Sejarah Bedug Agung Pendowo Purworejo

22:32 0
Sejarah Bedug Agung Pendowo Purworejo
Masjid Agung Darul Muttaqin Purworejo memiliki peninggalan-peninggalan kuno yang sangat berharga, dan merupakan satu-satunya di Indonesia yaitu berupa Bedug.
Raden Adipati Cokronagoro pertama berkeinginan untuk melengkapi semua perlengkapan Masjid Agung Purworejo ini. Demikian pula beliau menghendaki sebuah Bedug yang akan dipakai sebagai pertanda telah masukknya saat Sholat Fardhu ( Wajib ) juga dapat dipakai untuk menandai segala kegiatan ibadah Umat Islam serta kenegaraan waktu itu.
Maka keinginan Raden Adipati ini diutarakanlah kepada para Suntono Kadipaten beserta para ‘Ulama’ Kadipaten Purworejo. kayu Jati Bang, yang batangya telah dipakai untuk membuat Soko Guru Masjid Agung serta Pendhopo Kadipaten, tinggal sisanya yang disebut Bongkot ( pangkal ). Bongkotnya kayu jati itu cukup besar, berdiameter hampir 2,50 meter.
Raden Adipati Cokronagoro sangat setuju untuk memanfaatkan bongkot kayu jati Bang tersebut dan memerintahkan kepada adindanya Raden Tumenggung Prawironagoro Wedana Bragolan untuk mengurusnya.
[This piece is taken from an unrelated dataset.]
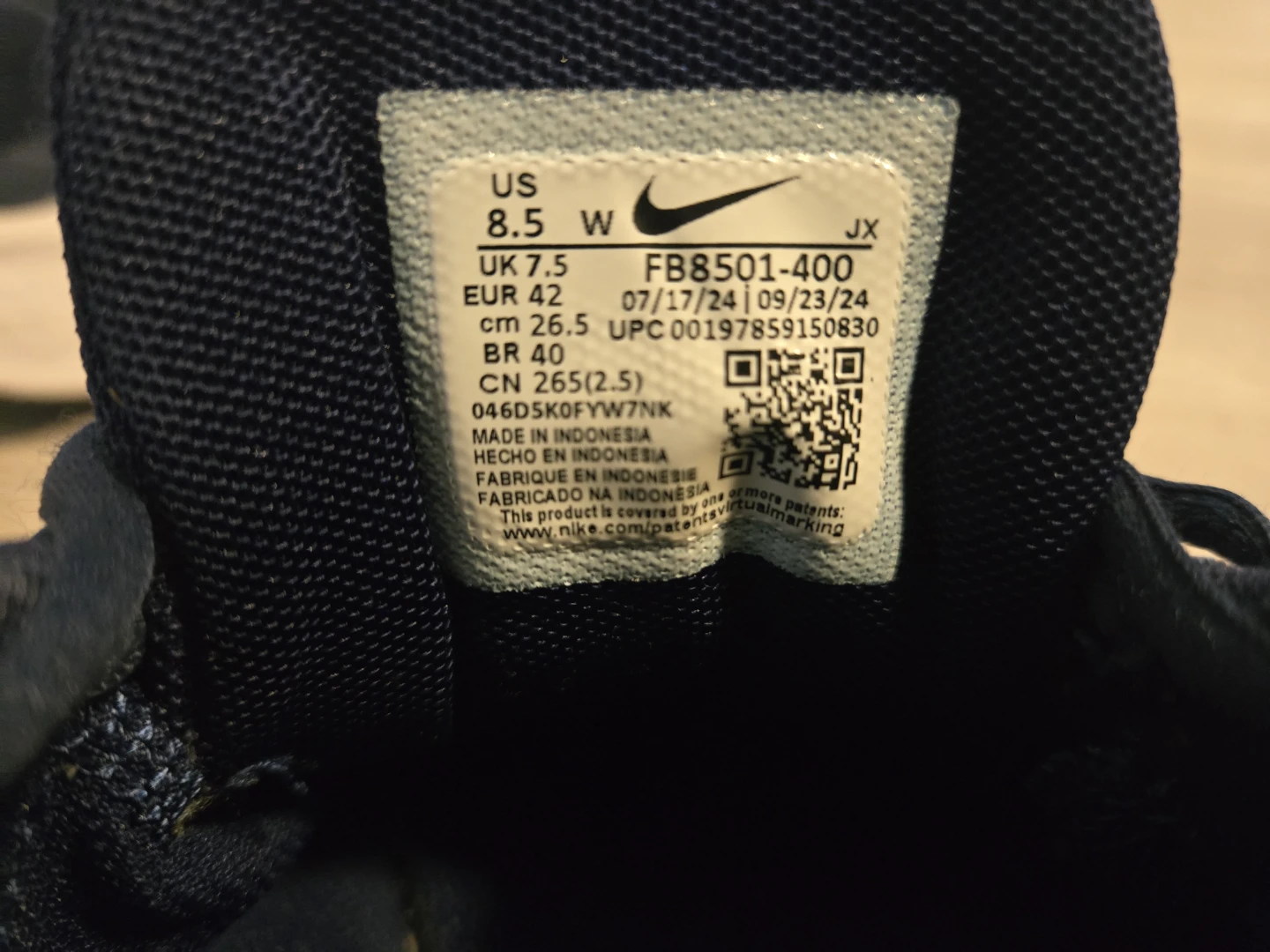 Nike Running Shoes - Size US 8.5 W - photo 5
Dengan dipimpin oleh Raden Tumenggung Prawironagoro, pembuatan Bedung Agung itu dilaksanakan dengan sebaik-baiknya. Dengan trampilnya para tukang kayu mengerjakan Bedug besar itu, digergaji dan dilubanginya bongkot kayu jati tersebut. Setelah dilubangi dan dihaluskan maka tinggallah ukuran yang sesungguhnya, yaitu diameter ( garis tengah ) 194 sentimeter pada bagian depan dan bagian belakang 180 sentimeter.
Dapat dibayangkan saat pembuatan lubang pada bongkot kayu jati tersebut, tentunya sangatlah sukar, karena kayunya sangat keras. Bahkan ada perkiraan dalam melubangi kayu itu dilakukan dengan membuat bara didalam kayu itu sendiri, sehingga akan terjadi lubang, kemudian dilanjutkan dengan dicungkil sedikit demi sedikit sampai akhirnya terbentuk lubang yang sangat bagus.
Tetapi dapat pula dilakukan pencungkilan mulai dari saat awal secara sedikit demi sedikit sampai pada akhirnya membentuk lubang yang diinginkan.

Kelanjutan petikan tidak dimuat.